### [To do]
Starting from the line with "Thalassa 3* Pefkochori", please copy exactly every line to the end of the listing, but not the pictures.

### [Exercise data]
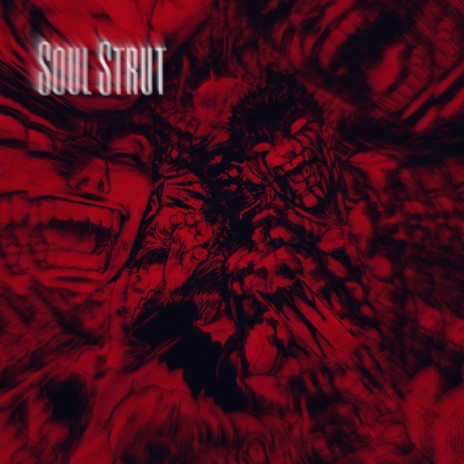 Soul Strut | Boomplay Music
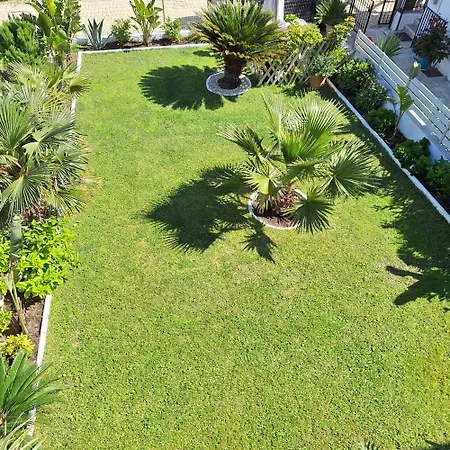 Thalassa 3* Pefkochori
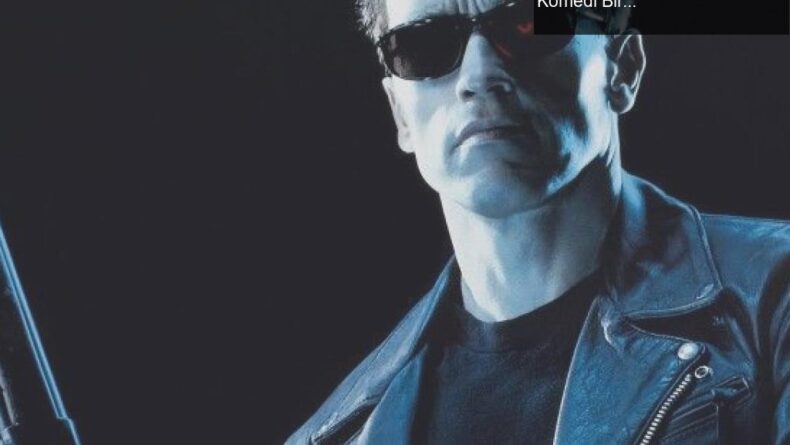 Arnold Schwarzenegger’in Yeni Netflix Dizisi: Aksiyon ve Komedi Bir Arada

### [Final answer]
 Thalassa 3* Pefkochori
 Arnold Schwarzenegger’in Yeni Netflix Dizisi: Aksiyon ve Komedi Bir Arada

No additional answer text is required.